Problem requirements – Locate the line bearing "Pre owned Plain" in the material below, then reproduce it and each following line up to and including the line bearing "Üzerine tişört giyen".

Data for this task –
==============================

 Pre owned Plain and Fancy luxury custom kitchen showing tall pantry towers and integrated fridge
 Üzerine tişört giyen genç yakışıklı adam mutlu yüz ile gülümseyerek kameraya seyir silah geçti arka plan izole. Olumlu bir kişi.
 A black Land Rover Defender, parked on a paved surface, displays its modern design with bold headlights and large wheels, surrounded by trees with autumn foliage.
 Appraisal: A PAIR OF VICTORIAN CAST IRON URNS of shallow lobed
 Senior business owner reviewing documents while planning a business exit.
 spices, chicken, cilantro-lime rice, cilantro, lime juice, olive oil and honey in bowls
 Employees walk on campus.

==============================

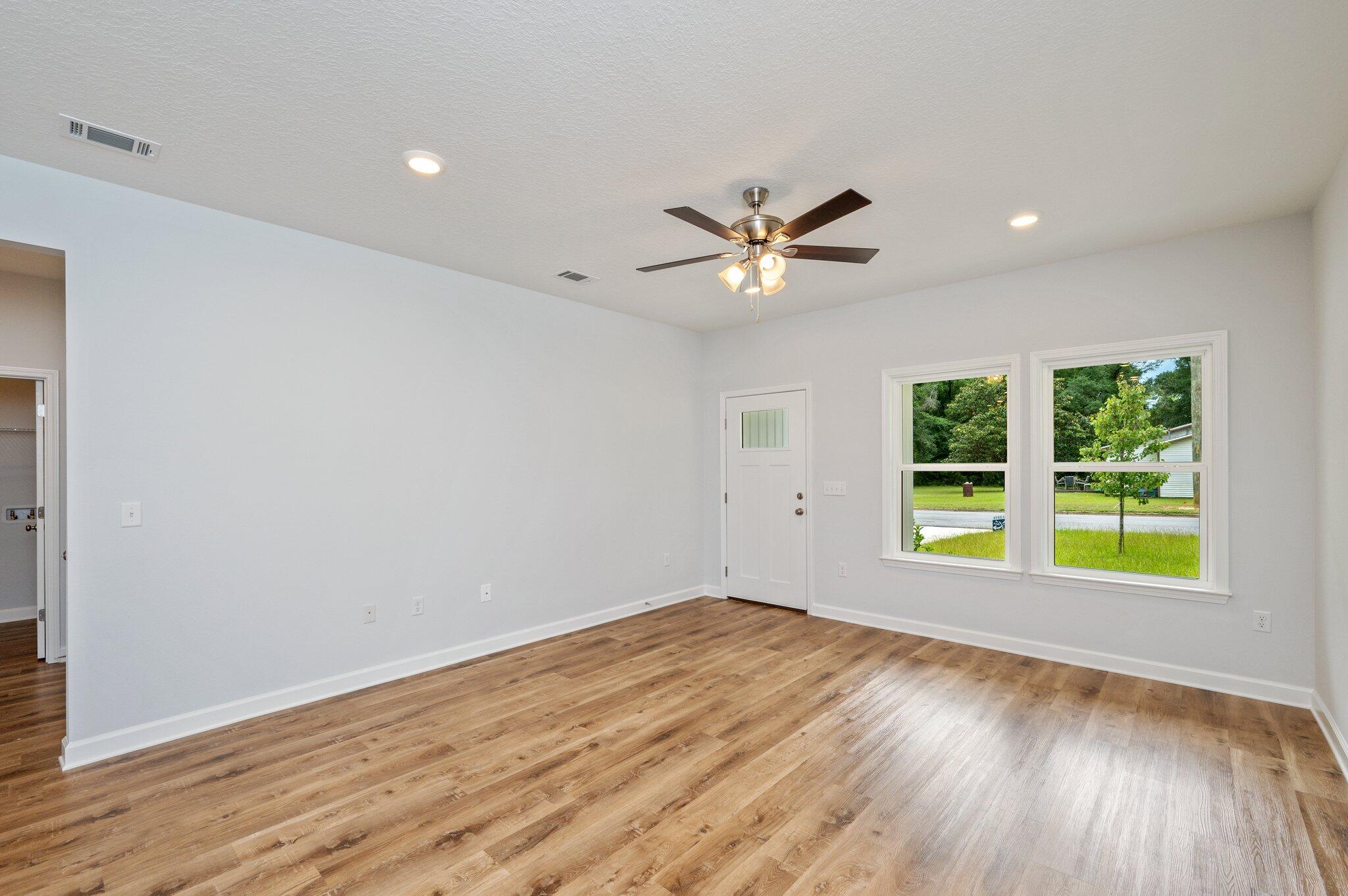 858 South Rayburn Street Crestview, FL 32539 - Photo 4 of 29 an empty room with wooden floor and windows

==============================

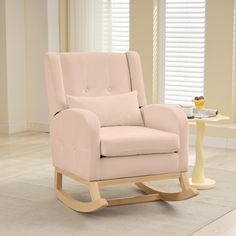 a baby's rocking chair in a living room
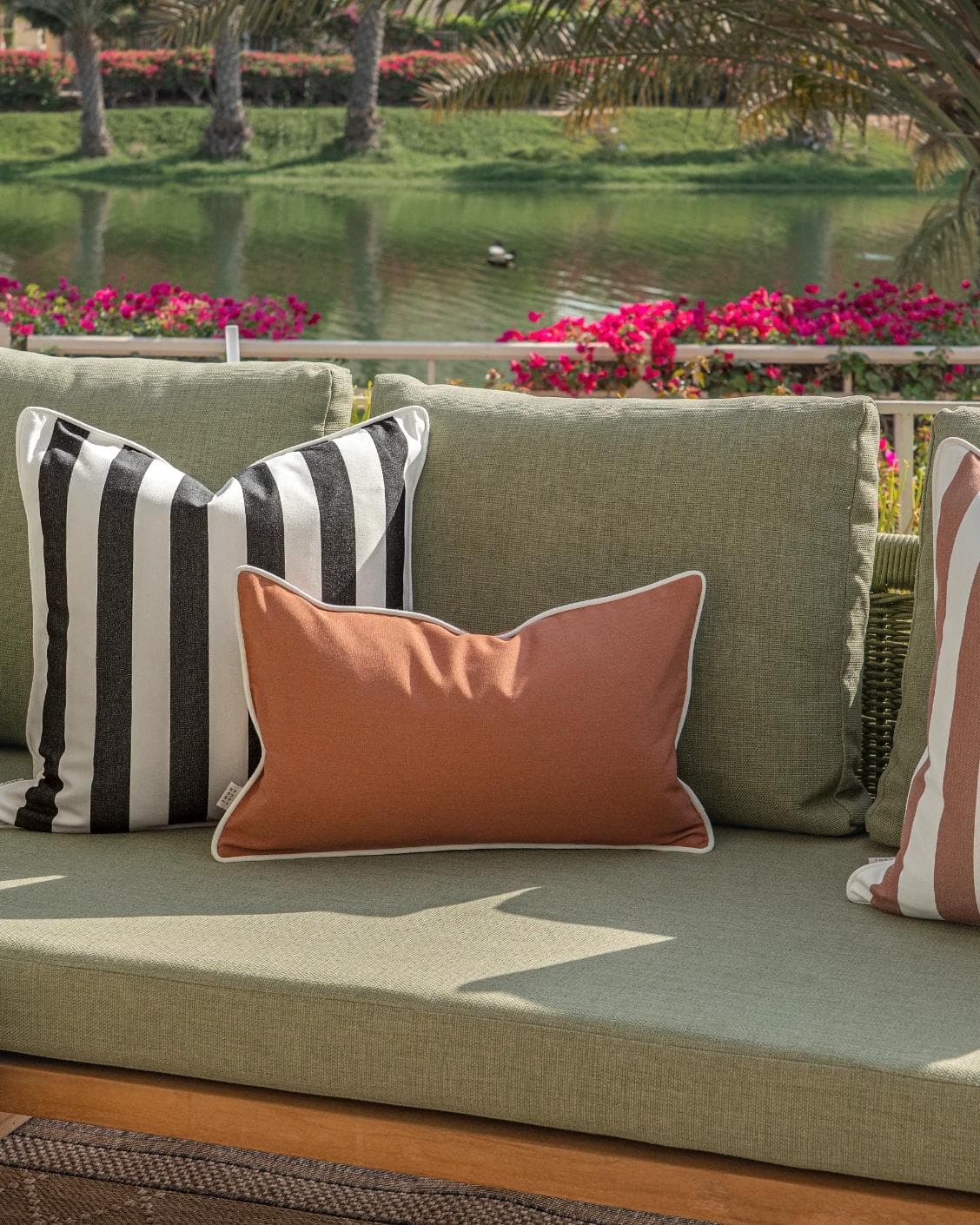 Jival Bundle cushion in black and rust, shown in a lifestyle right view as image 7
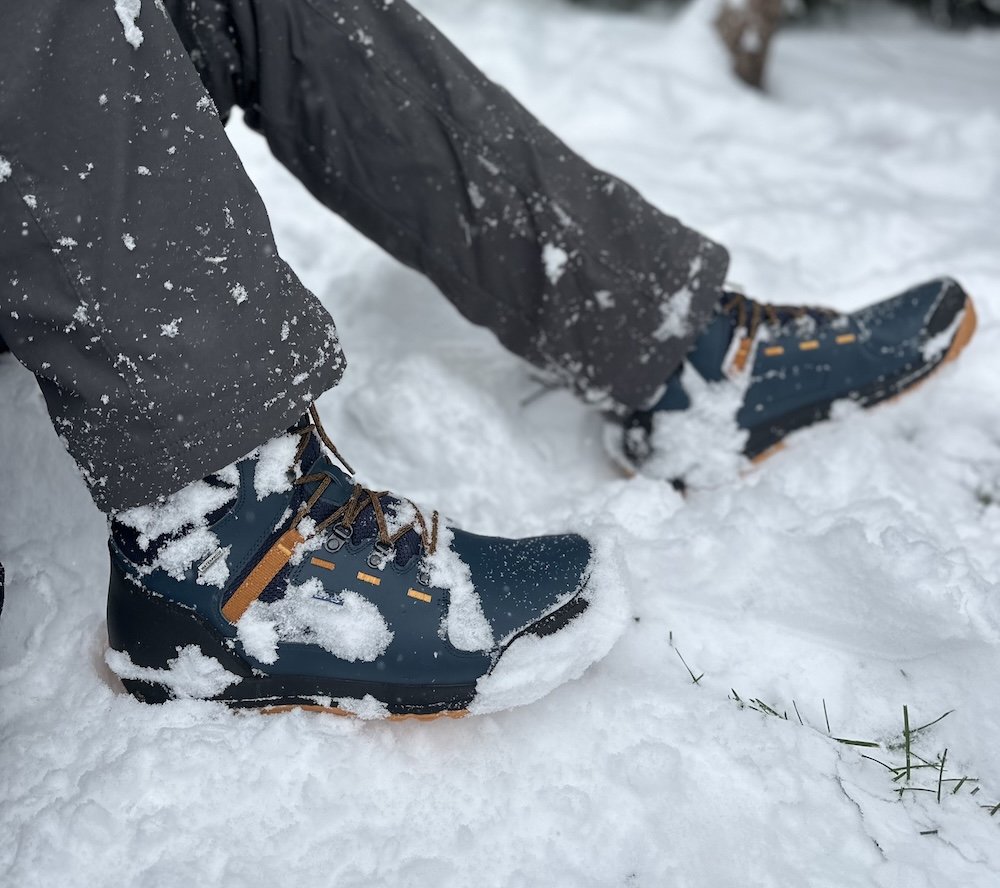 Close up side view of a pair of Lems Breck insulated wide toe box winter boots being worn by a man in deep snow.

==============================

Response to the task –
 Pre owned Plain and Fancy luxury custom kitchen showing tall pantry towers and integrated fridge
 Üzerine tişört giyen genç yakışıklı adam mutlu yüz ile gülümseyerek kameraya seyir silah geçti arka plan izole. Olumlu bir kişi.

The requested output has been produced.